Figure 5 illustrates the basic flight maneuvers of the drone.
Next, we will explain how PID controls drone flight. It is evident that by using the center point of the tracked object and the center point of the screen, we can obtain the error in the
X-axis. This error is related to the drone’s roll for lateral movement and yaw for clockwise or counterclockwise rotation. If the drone detects that the object is moving left or right, we can choose to adjust the drone’s heading to face the object or perform lateral movements to keep up with it. Additionally, there is the pitch axis, which involves forward and backward movements. By subtracting the distance between the drone and the real object from the desired ideal distance, we can calculate the distance error and control the drone’s forward or backward movements accordingly.
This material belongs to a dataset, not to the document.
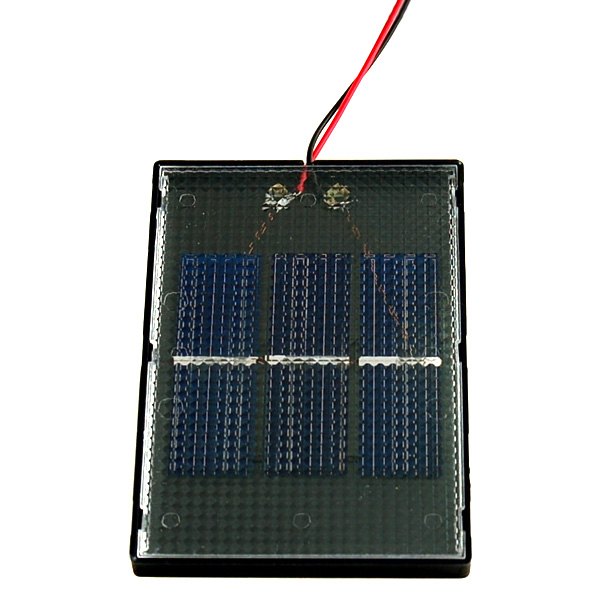Solar Made® - 1.5V 0.3W Mini Solar Panel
Finally, regarding altitude, by subtracting the Y-coordinate of the tracked object from the Y-coordinate of the screen center, we can obtain the error in the
Y-axis. This allows us to calculate the necessary altitude for the drone’s vertical ascent or descent. The specific control methods are illustrated in
Figure 6.
When it comes to the error in the
X-axis, the choice between roll and yaw is designed to be dependent on the derivative term (D) of the PID controller. The D term represents the rate of change of the error. If the error changes rapidly, the drone needs to increase its power to keep up with the object’s movements. However, if the object continues to move along the
X-axis, as shown in
Figure 7a, a stronger control is required to track the target quickly. The red rectangle represents the bounding box of the subject. Therefore, we choose the roll option, which means performing lateral movements to the right in order to follow the object, represented by the green arrow illustrated in
Figure 7a. On the other hand, if the tracked object does not exhibit significant movement, the yaw option is selected, which only requires adjusting the drone’s heading to follow the target, represented by the green arrow illustrated in
Figure 7b.
4. Conclusions
In this paper, we propose an implementation method for an object detection and target tracking system based on the Robot Operating System (ROS) and apply it to the Tello drone. The system achieves efficient object detection and target-tracking capabilities in real-time environments. We utilize the pruned YOLOv4 architecture as the detection model and select SiamMask as the tracking model. Additionally, we introduce a PID module to calculate the errors and determine the flight attitude and action. For the detection module, we choose the pruned YOLOv4 architecture, which provides a faster execution speed while maintaining the detection accuracy. By reducing the redundant parameters and computations in the model, we achieve lightweight and accelerated performance. This allows our system to efficiently perform object detection tasks in real-time environments. For the tracking module, we adopt the SiamMask model. SiamMask is a single-object tracking method capable of real-time target tracking. In our system, SiamMask is used to track the objects detected by YOLOv4, enabling continuous object tracking and positioning. Furthermore, we introduce the PID module to calculate the errors and adjust the flight attitudes. PID is a classical control algorithm that computes control signals based on the current error, accumulated error, and rate of error change, aiming to bring the system output closer to the desired value. In our system, the PID module calculates errors based on the target object’s position and the drone’s current state, and adjusts the drone’s attitude control signals to stably track the target object. Through flight experiments, we validate the feasibility of applying this system in everyday environments. The pruned YOLOv4 model provides efficient object detection capabilities, enabling fast target detection in real-time environments. SiamMask is used for tracking the target object, and the PID module accurately calculates the errors and adapts to different flight situations, allowing the drone to stably track the target object.